Overview
This paper provided the conceptual unification that the graph neural network field needed. By showing that seemingly different architectures -- GCN, GraphSAGE, Gated Graph Neural Networks, Weisfeiler-Lehman kernels -- are all instances of the same message-update-readout pattern, it gave researchers a common language and framework for designing new GNN variants. The Message Passing Neural Network (MPNN) framework decomposes any GNN into three functions: a message function that computes information to send along edges, an update function that combines received messages with node state, and a readout function that aggregates node representations into a graph-level prediction.
On the practical side, MPNNs achieved state-of-the-art results on the QM9 molecular property benchmark, predicting 13 quantum chemical properties (energies, dipole moment, polarizability, etc.) from molecular graphs with accuracy approaching density functional theory (DFT) calculations. The paper catalyzed the molecular ML boom from 2017 onward and remains the standard reference for GNN formalism.

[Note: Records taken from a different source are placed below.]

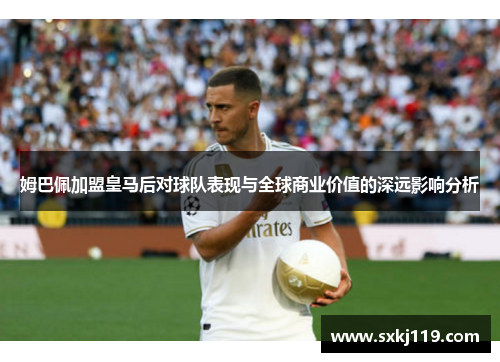 姆巴佩加盟皇马后对球队表现与全球商业价值的深远影响分析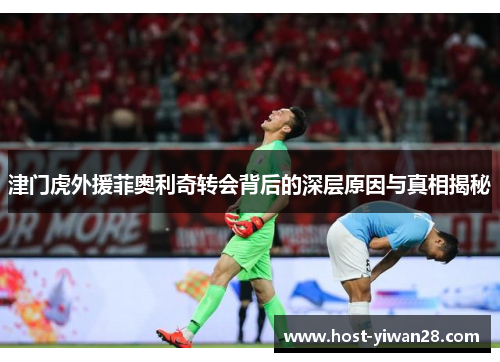 津门虎外援菲奥利奇转会背后的深层原因与真相揭秘 津门虎外援菲奥利奇转会背后的深层原因与真相揭秘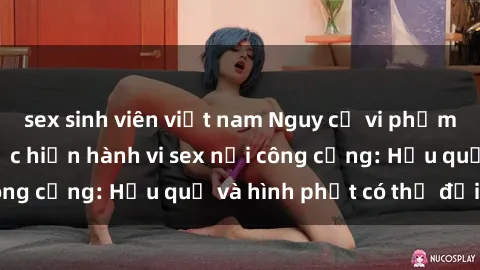 sex sinh viên việt nam Nguy cơ vi phạm pháp luật khi thực hiện hành vi sex nơi công cộng: Hậu quả và hình phạt có thể đối mặt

The MPNN framework also revealed what the essential design choices are: the message function (how neighbors communicate), the aggregation (how messages are combined -- must be permutation-invariant), and the readout (how node features become graph features). By making these choices explicit, the framework enabled systematic exploration of the GNN design space and provided the vocabulary still used today.
Key Contributions
- MPNN unifying framework: All GNNs decompose into (1) a message function m_t(h_v, h_w, e_vw), (2) an update function h_v^{t+1} = U_t(h_v^t, sum of messages), and (3) a readout function y = R({h_v^T}) that aggregates node representations into a graph-level prediction
- Edge network message function: Messages are computed as h_w * A(e_vw) where A is a learned edge-conditioned neural network, allowing bond type information to modulate how neighbor features are combined
- Set2Set readout: Replaces simple sum/mean aggregation with an attention-based readout (borrowed from pointer networks) that produces order-invariant graph-level representations with greater expressiveness
- Virtual graph elements: Introduces techniques like master nodes (connected to all atoms) to improve information flow across the molecular graph
- Systematic benchmark: Evaluates multiple MPNN variants on all 13 QM9 properties with consistent training protocol, establishing a standard molecular ML benchmark methodology
Architecture / Method
┌─────────────────────────────────────────────────────────────┐
│ Molecular Graph Input │
│ Nodes = atoms (features: atomic #, charge) │
│ Edges = bonds (features: bond type, conjugation) │
└────────────────────────┬────────────────────────────────────┘
│
▼ × T rounds (T=6)
┌─────────────────────────────────────────────────────────────┐
│ Message Passing Phase │
│ │
│ For each node v: │
│ ┌──────────┐ ┌──────────────────┐ ┌──────────────┐ │
│ │ Neighbor │───►│ Message function │───►│ Aggregate │ │
│ │ h_w, e_vw │ │ m(h_v, h_w, e_vw)│ │ M_v = Σ m │ │
│ └──────────┘ └──────────────────┘ └──────┬───────┘ │
│ │ │
│ ┌──────────────────────────────────────────────▼───────┐ │
│ │ Update: h_v^{t+1} = GRU(h_v^t, M_v) │ │
│ └──────────────────────────────────────────────────────┘ │
└────────────────────────┬────────────────────────────────────┘
│
▼
┌─────────────────────────────────────────────────────────────┐
│ Readout Phase (Set2Set) │
│ LSTM + attention over {h_v^T} ──► graph-level embedding │
└────────────────────────┬────────────────────────────────────┘
│
▼
┌─────────────────────────────────────────────────────────────┐
│ MLP ──► Molecular Property Prediction │
│ (13 QM9 properties: energy, dipole, etc.) │
└─────────────────────────────────────────────────────────────┘
The MPNN framework defines a GNN as operating in two phases: message passing and readout.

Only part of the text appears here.